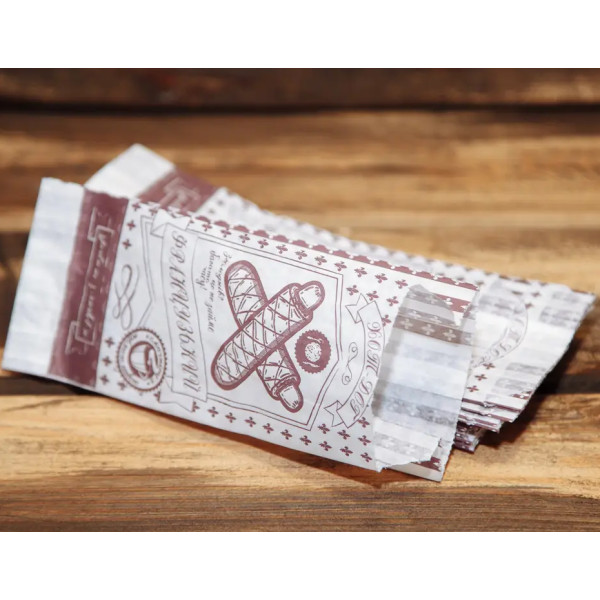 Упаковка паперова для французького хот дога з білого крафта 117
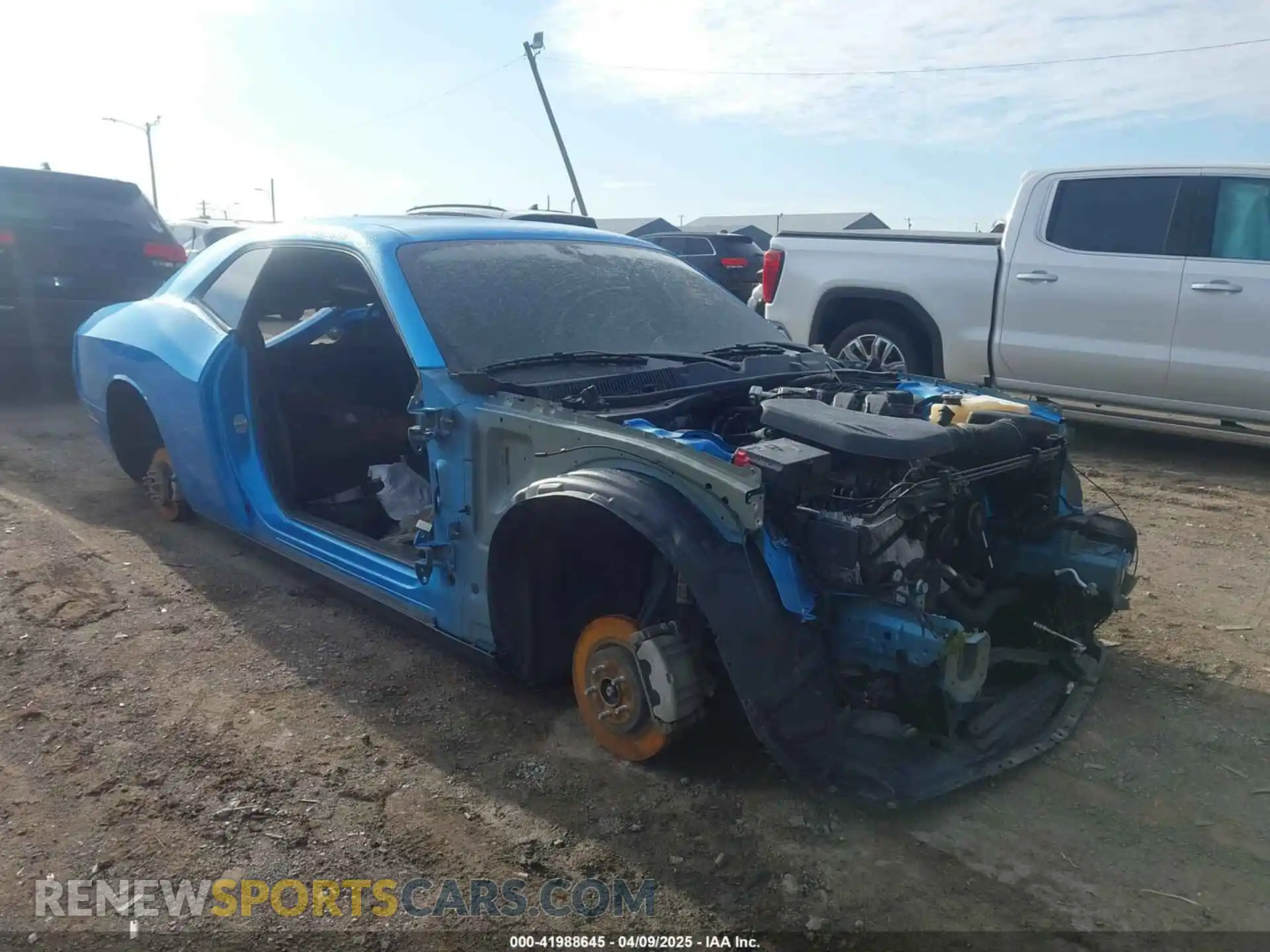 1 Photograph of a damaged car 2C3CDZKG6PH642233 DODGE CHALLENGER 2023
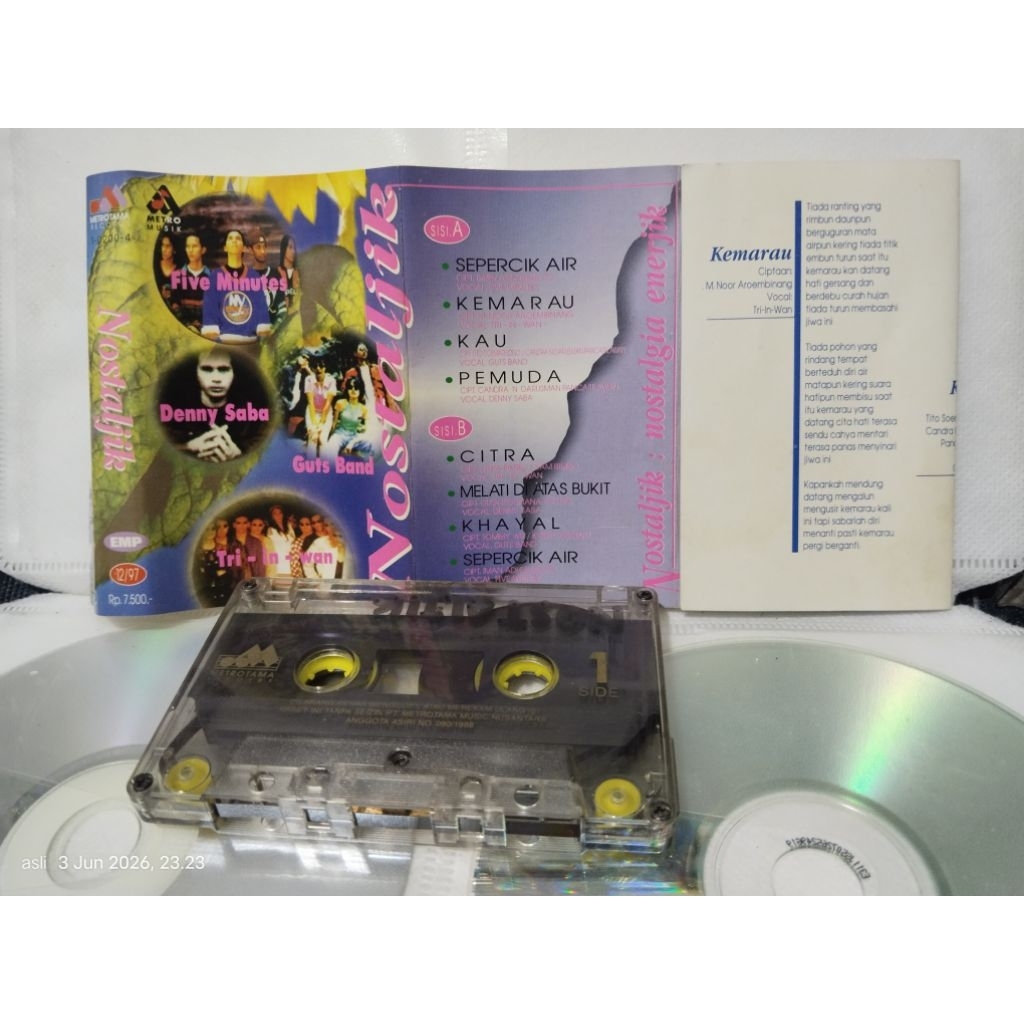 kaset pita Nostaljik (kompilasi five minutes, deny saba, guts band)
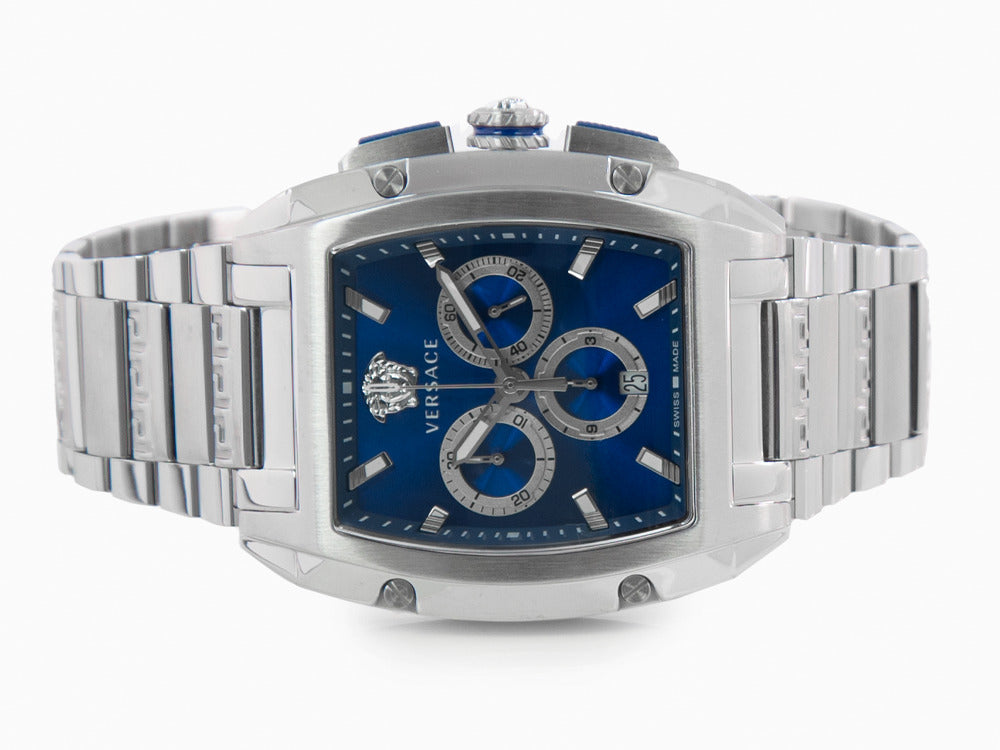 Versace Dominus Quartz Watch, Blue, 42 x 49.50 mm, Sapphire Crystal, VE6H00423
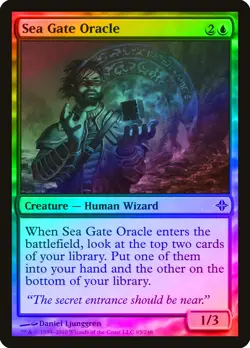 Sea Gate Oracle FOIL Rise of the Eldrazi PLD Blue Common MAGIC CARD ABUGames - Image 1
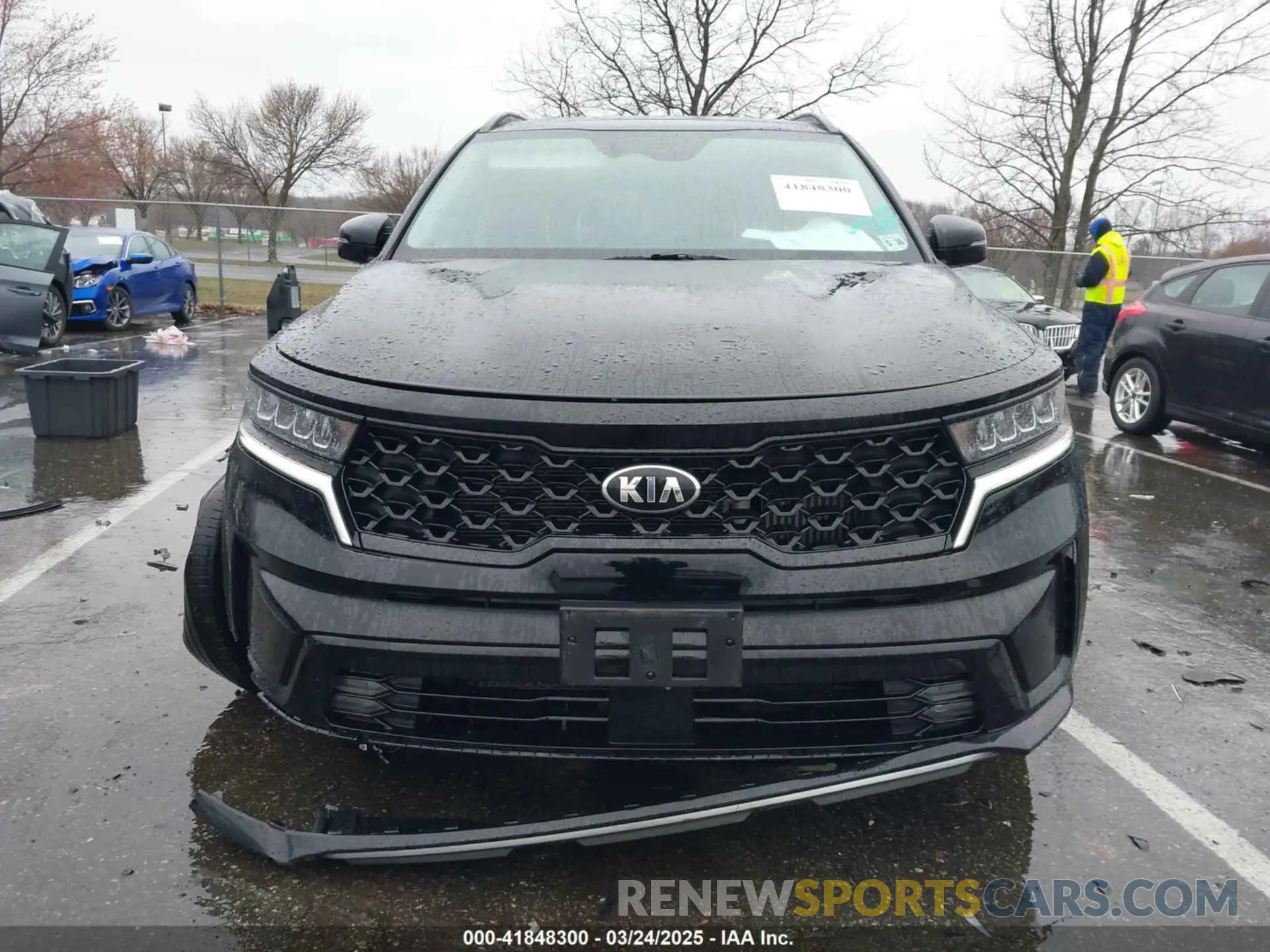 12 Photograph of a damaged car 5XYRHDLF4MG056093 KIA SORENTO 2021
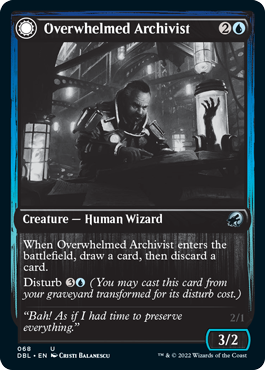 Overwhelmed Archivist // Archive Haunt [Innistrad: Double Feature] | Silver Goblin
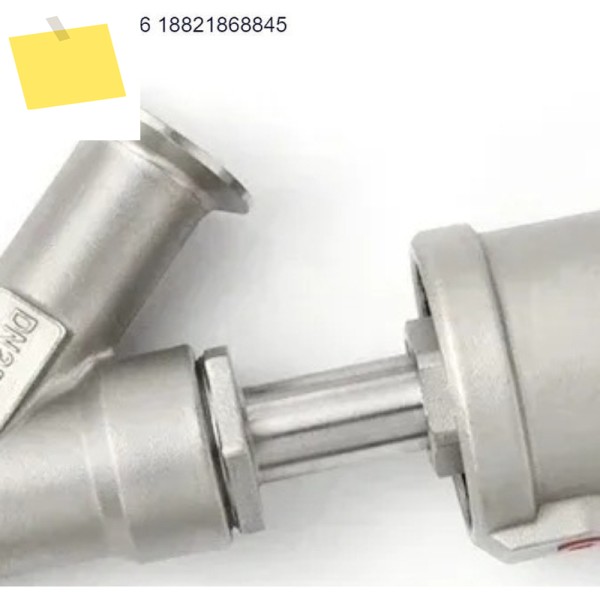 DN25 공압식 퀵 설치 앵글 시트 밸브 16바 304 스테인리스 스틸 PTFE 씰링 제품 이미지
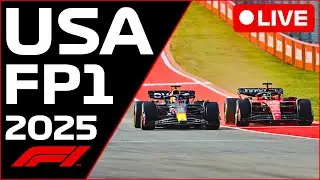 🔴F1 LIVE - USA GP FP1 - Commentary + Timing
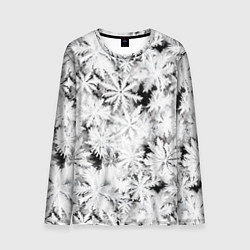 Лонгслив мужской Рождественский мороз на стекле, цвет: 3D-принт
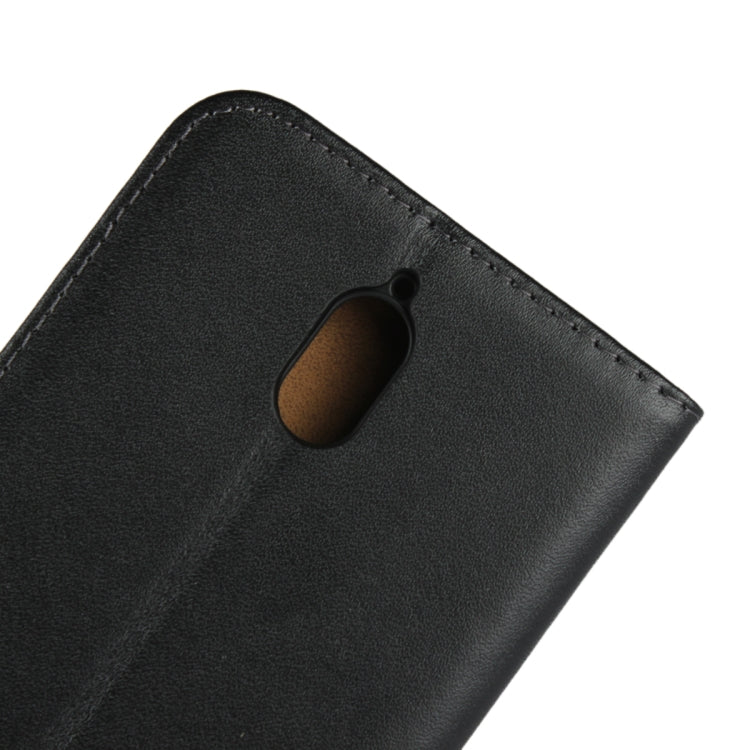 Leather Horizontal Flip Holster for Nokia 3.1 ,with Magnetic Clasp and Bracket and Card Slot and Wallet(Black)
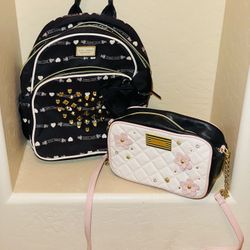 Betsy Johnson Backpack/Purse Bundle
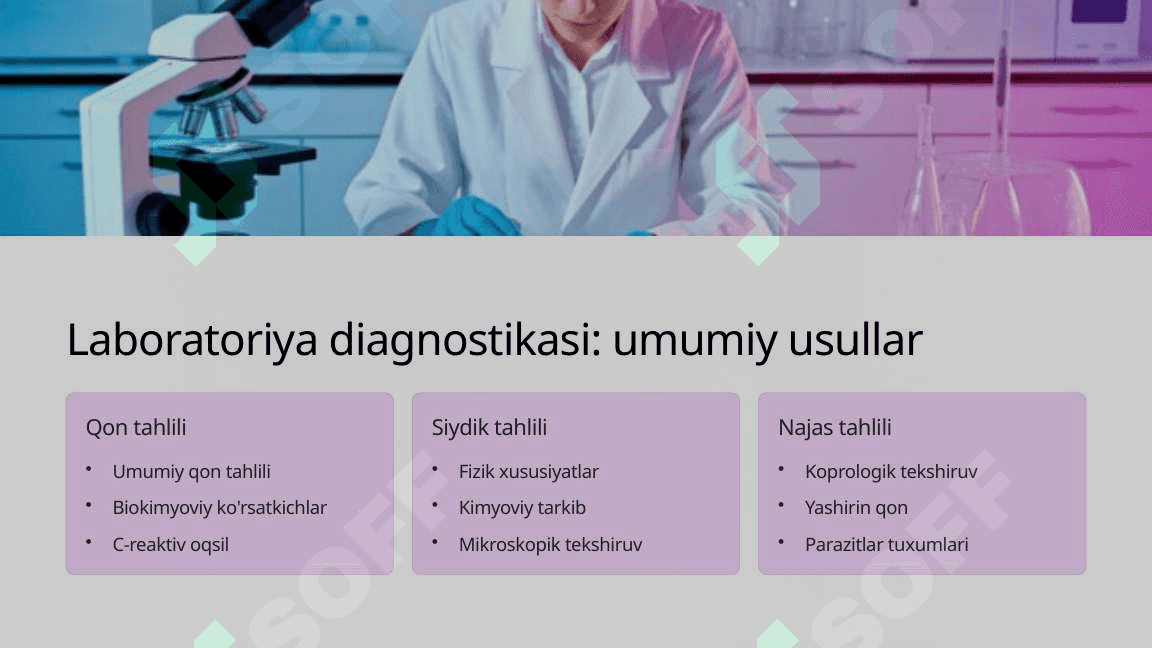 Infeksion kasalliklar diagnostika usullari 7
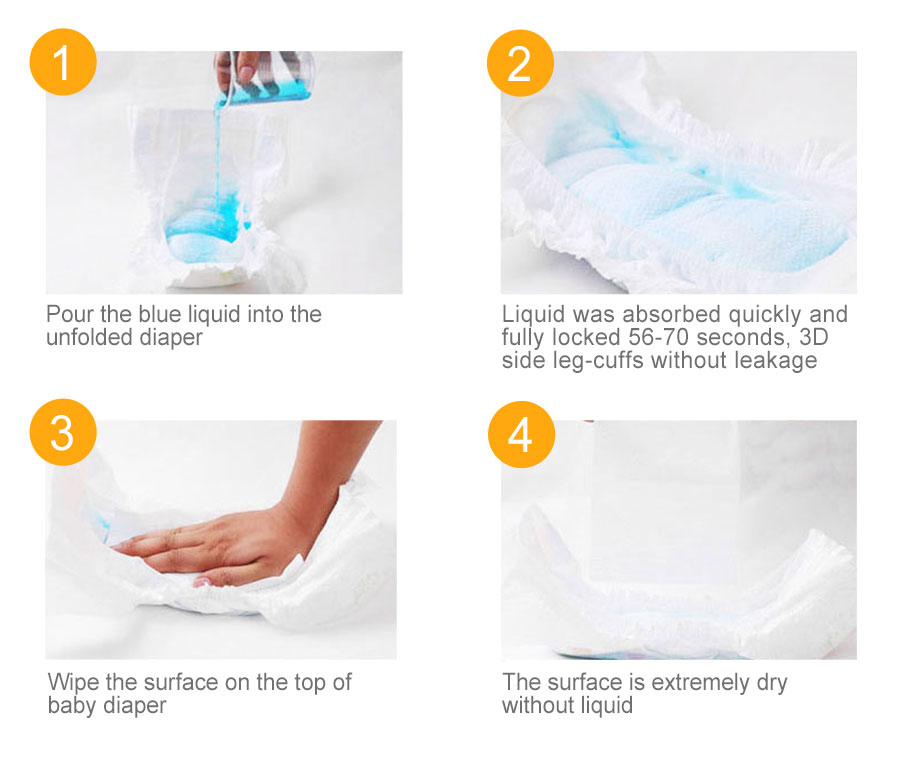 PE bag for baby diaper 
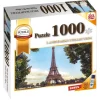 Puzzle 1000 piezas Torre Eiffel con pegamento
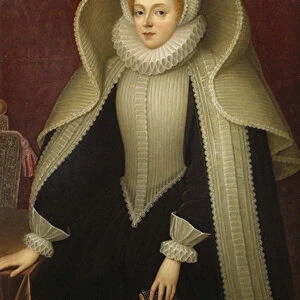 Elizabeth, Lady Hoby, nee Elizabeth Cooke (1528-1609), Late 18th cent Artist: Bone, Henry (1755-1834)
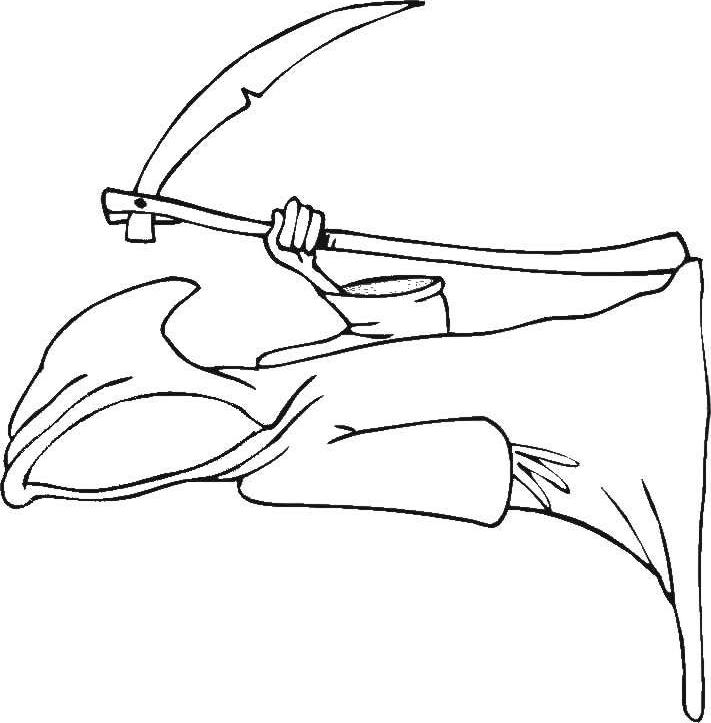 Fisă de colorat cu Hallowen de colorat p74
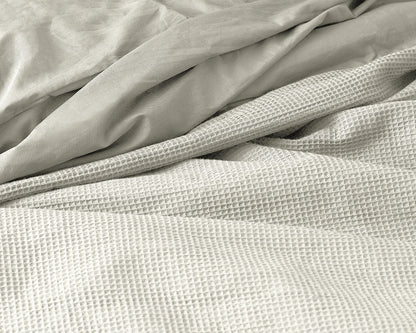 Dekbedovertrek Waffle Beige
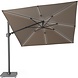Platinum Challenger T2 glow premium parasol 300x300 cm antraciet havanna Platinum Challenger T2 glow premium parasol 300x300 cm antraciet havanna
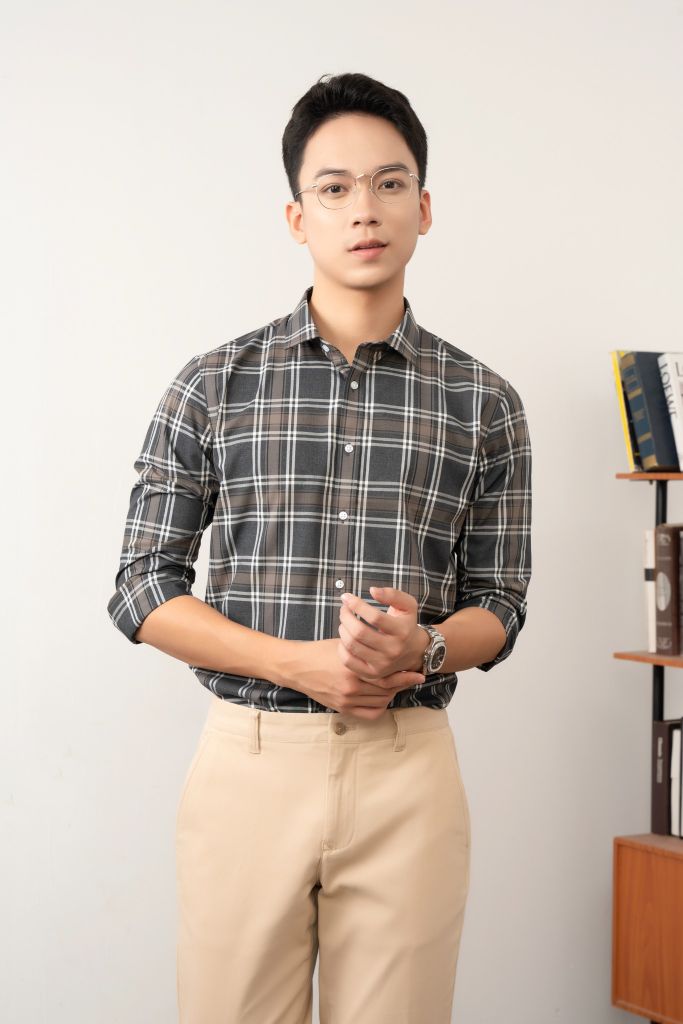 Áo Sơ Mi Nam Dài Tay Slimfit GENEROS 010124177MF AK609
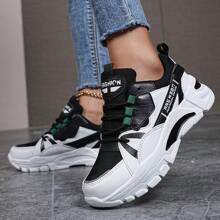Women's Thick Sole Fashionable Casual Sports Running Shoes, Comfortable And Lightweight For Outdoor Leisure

* _WHAT TO WORK ON_:
Transcribe, from the material above, the stretch starting at the line with "12 Photograph of" and ending at the line with "PE bag for baby diaper", both included, exactly. Do not carry over pictures.

* _YOUR RESPONSE_:
 12 Photograph of a damaged car 5XYRHDLF4MG056093 KIA SORENTO 2021
 Overwhelmed Archivist // Archive Haunt [Innistrad: Double Feature] | Silver Goblin
 DN25 공압식 퀵 설치 앵글 시트 밸브 16바 304 스테인리스 스틸 PTFE 씰링 제품 이미지
 🔴F1 LIVE - USA GP FP1 - Commentary + Timing
 Лонгслив мужской Рождественский мороз на стекле, цвет: 3D-принт
 Leather Horizontal Flip Holster for Nokia 3.1 ,with Magnetic Clasp and Bracket and Card Slot and Wallet(Black)
 Betsy Johnson Backpack/Purse Bundle
 Infeksion kasalliklar diagnostika usullari 7
 PE bag for baby diaper 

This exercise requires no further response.